The United States Supreme Court will hear oral arguments Wednesday in the federal government’s appeal of a Philadelphia court ruling that the Children’s Internet Protection Act (CIPA) is a violation of the First Amendment. The controversial law seeks to regulate inappropriate content and install content filtering technology in public libraries nationwide.


Last May, a federal appeals court in Philadelphia agreed with a lower court ruling that the use of filtering technology blocked portions of protected speech “whose suppression serves no legitimate government interest. Any public library that adheres to CIPA’s conditions will necessarily restrict patrons access to a substantial amount of protected speech in violation of the First Amendment.”


The Philadelphia ruling was a substantial victory for the American Civil Liberties Union (ACLU) and the American Library Association (ALA), which filed twin lawsuits in March 2001 to have the law tossed out on First Amendment and due-process grounds.


The law, enacted in December 2000 in part to protect minors from access to Internet pornography, requires schools and libraries to use the filtering software to shield minors from adult material but, because it called for adults to get permission to access certain information, it raised the ire of the civil liberties and library groups. The law also blocked federal funding to libraries that did not install the software.


“The statute requires libraries to install blocking programs that inevitably censor a substantial amount of protected speech for adults and minors.

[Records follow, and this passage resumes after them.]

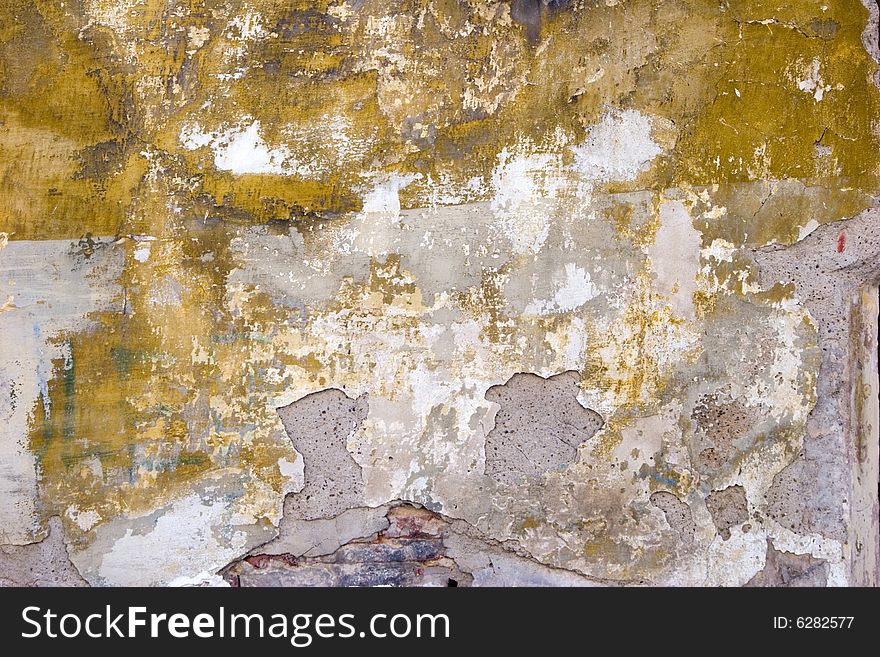 Closeup of grey old wall with peeled stucco and stains. Closeup of grey old wall with peeled stucco and stains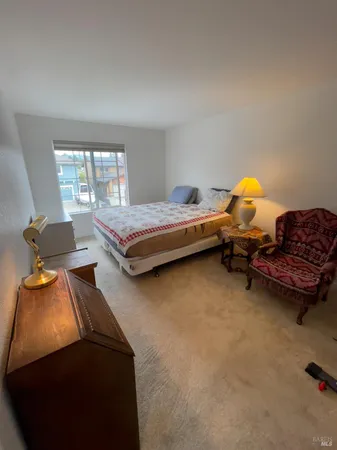 a bedroom with furniture and a window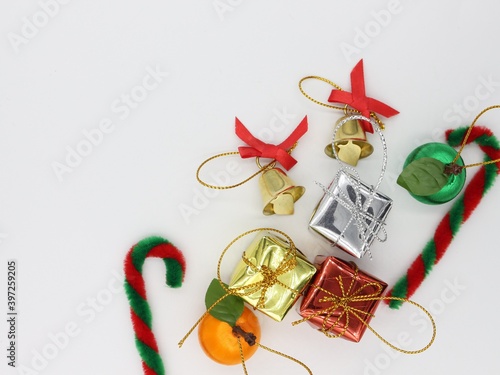 Christmas preparation elements, gift box, small bell, copy space, on a white background.

T
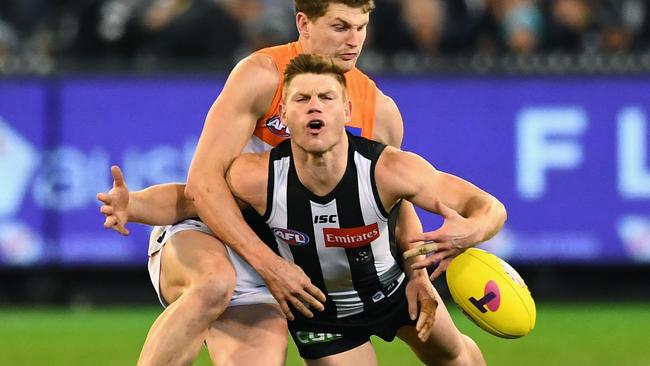 Taylor Adams is tackled by Jacob Hopper in last week’s semi-final. Picture: Getty Images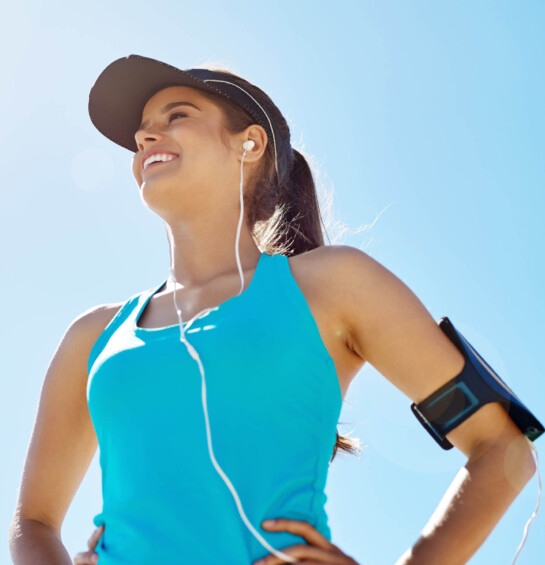 woman exercising outside wearing hat and listening to music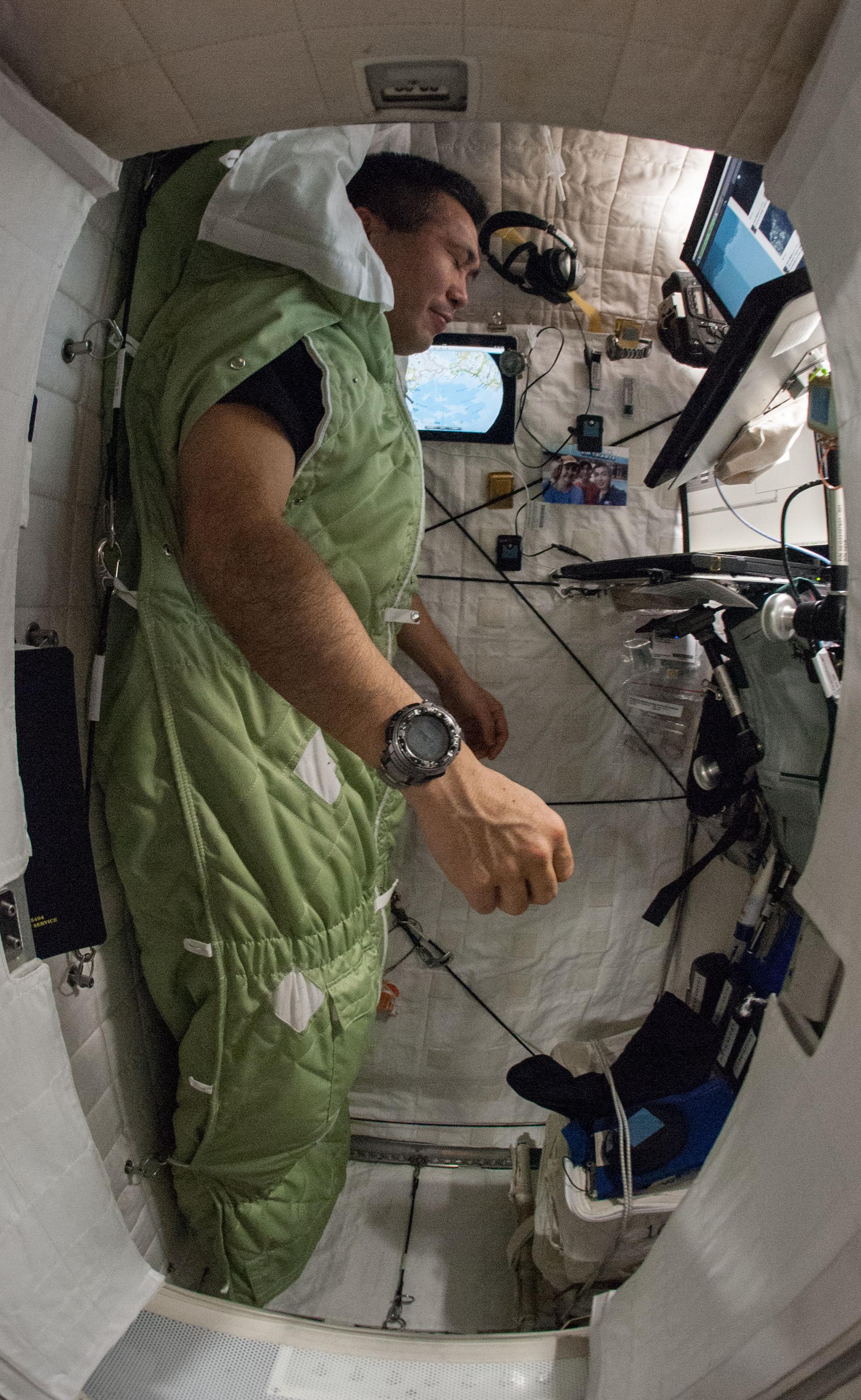 Crew member strapped into his sleeping bag
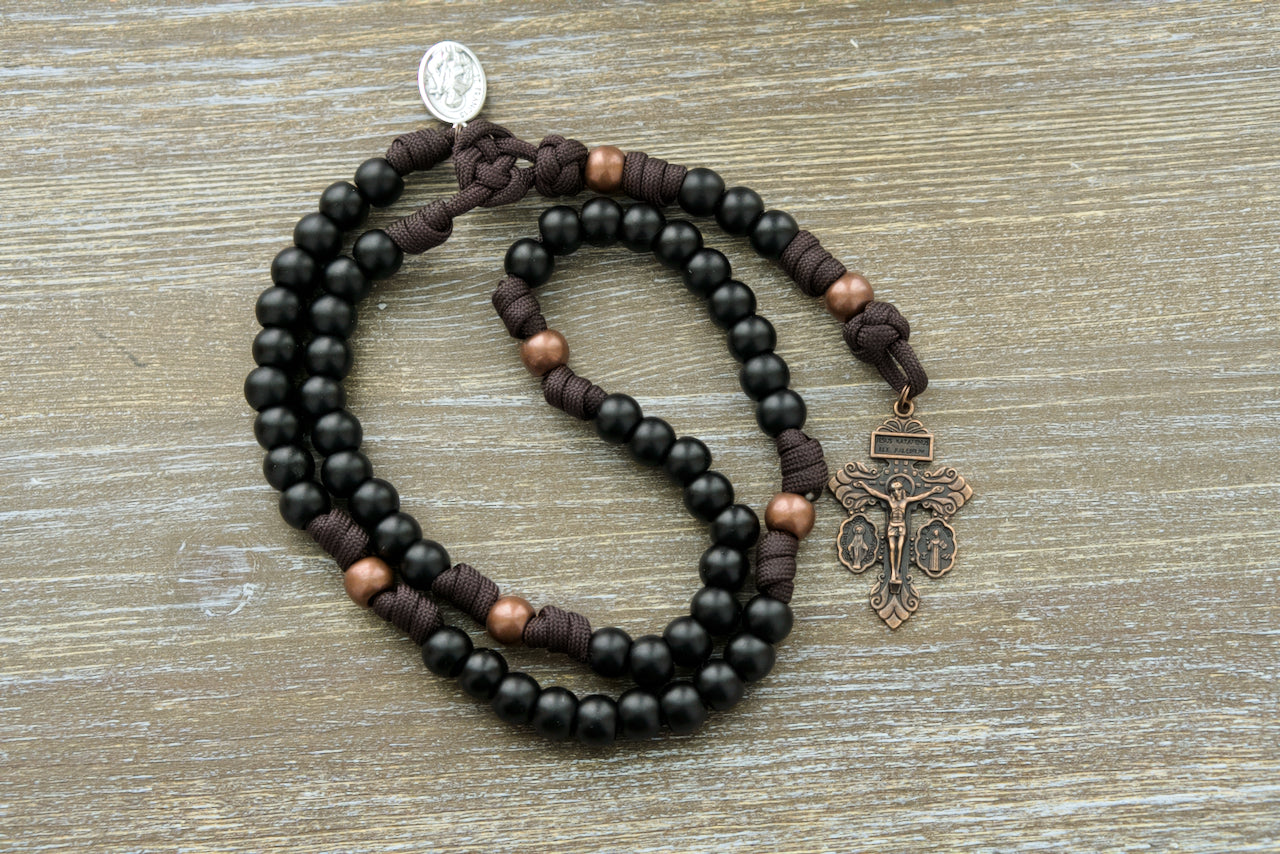 The Franciscan Forge - St. Francis - 5 Decade Paracord Rosary. Handcrafted with premium unbreakable paracord, antique copper Our Father beads, and matte black Hail Mary beads. Featuring a St. Francis devotional medal and a rustic copper 'triple threat' pardon crucifix.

Indeed no blocking program offers content categories that are limited — or even tied in any way — to CIPA’s legal definitions of obscenity, child pornography, or material that is ‘harmful to minors’,” the ACLU/ALA brief before the Philadelphia court contended.

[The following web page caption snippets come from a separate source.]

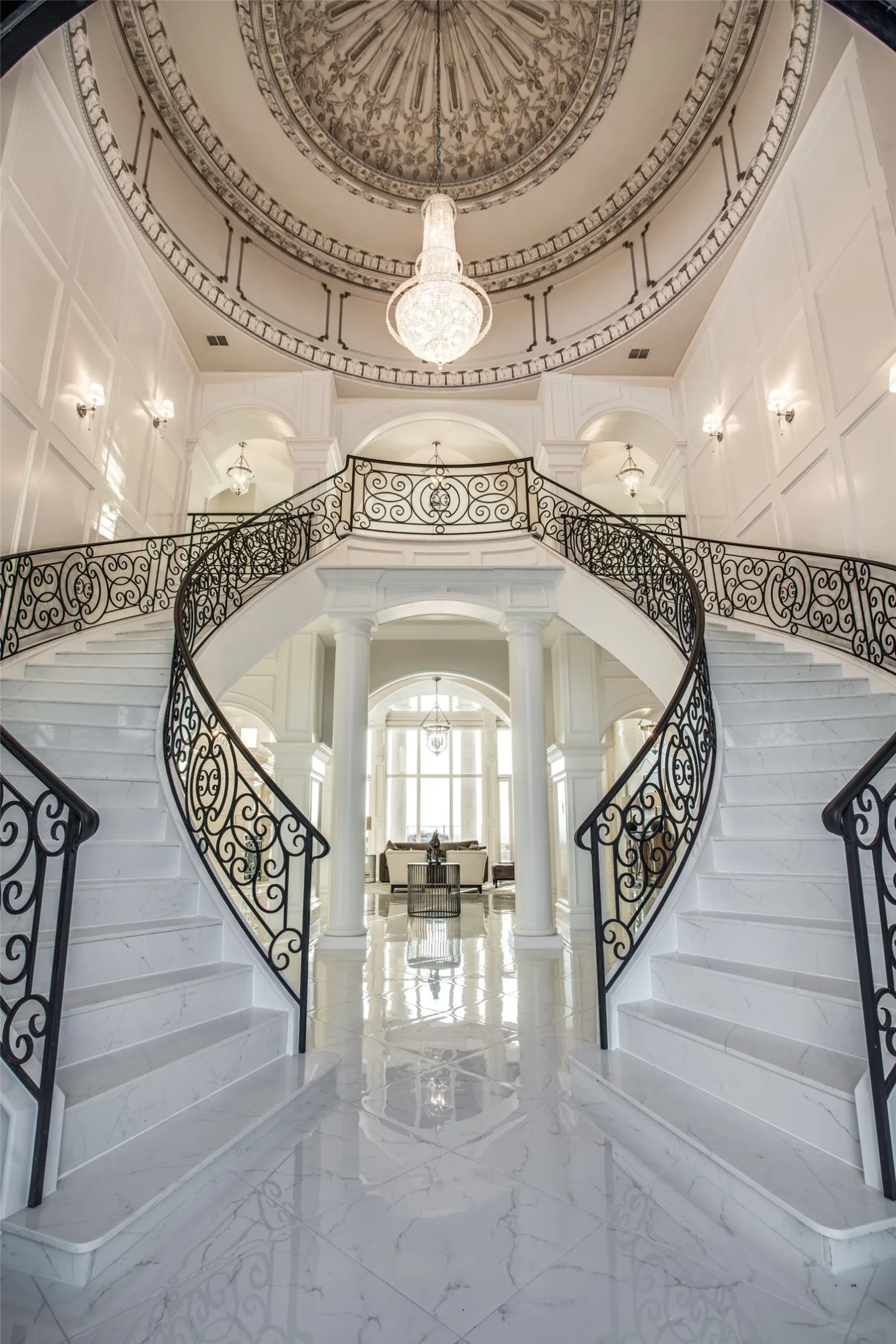 Guests are greeted with a double floating staircase, a crystal chandelier, and a hand-painted domed ceiling.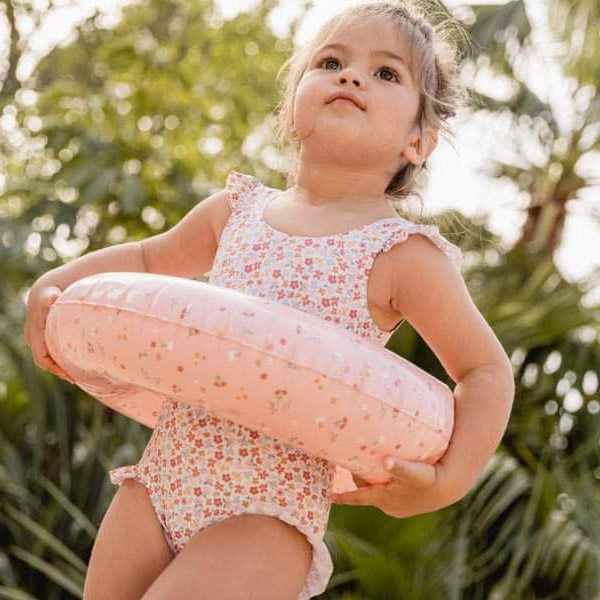 Little girl wearing Fato de Banho Folhos - Summer Flowers swimsuit holding a pink float.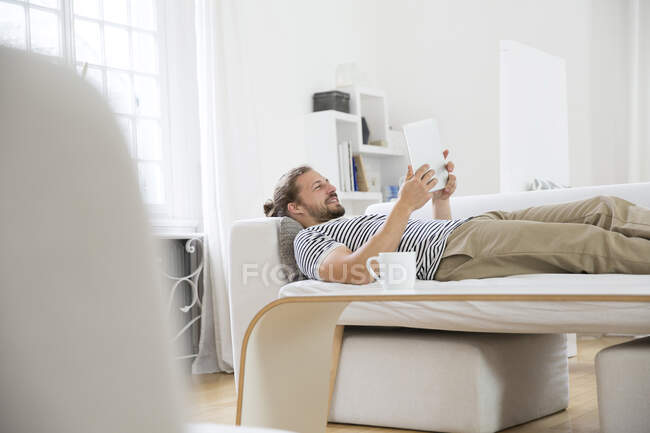 Молодий чоловік лежав удома на дивані з планшетом. — стокове фото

The ACLU and the ALA said the CIPA-mandated blocking programs were “ineffective” and “overly broad” and noted that libraries around the country have devised a number of less restrictive ways to assist patrons who wish to avoid content they find offensive.

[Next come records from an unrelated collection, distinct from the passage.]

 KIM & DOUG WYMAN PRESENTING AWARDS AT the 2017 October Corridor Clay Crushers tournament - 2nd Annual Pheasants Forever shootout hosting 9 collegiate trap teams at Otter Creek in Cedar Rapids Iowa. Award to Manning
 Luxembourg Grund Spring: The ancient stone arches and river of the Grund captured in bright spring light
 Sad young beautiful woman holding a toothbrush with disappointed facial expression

“Under this Court’s well-established First Amendment rules, CIPA fails the strict scrutiny required of content-based speech restrictions,” the groups argued.


In its 195-page decision, the Philadelphia appeals court noted it was worried that library patrons might be too embarrassed or lose their right to be anonymous because the CIPA law required that they seek permission to have the filtering software removed.


Wednesday’s arguments will represent the third time constitutional challenges have been made against laws aimed at curbing Internet pornography. Last May, The Supreme Court recently reversed a U.S. appeals court ruling which found the 1998 Child Online Protection Act (COPA) too broad in scope.


In an 8-1 vote, the justices ruled that the appeals court could not bar enforcement of the law on the basis that it relies on community standards to identify harmful material.


The COPA law was intended to make it a crime to place sexually explicit material on the Internet where minors can view it. The law required commercial Web site operators to use credit cards or other adult access systems to prevent minors from viewing the material. COPA imposed criminal and civil penalties of up to $50,000 per day for violations.


Congress drafted COPA in an effort to create a more narrowly defined law than the Communications Decency Act (CDA) of 1996, which the Supreme Court struck down in 1997 as unconstitutional, saying the CDA “place(d) an unacceptably heavy burden on protected speech.”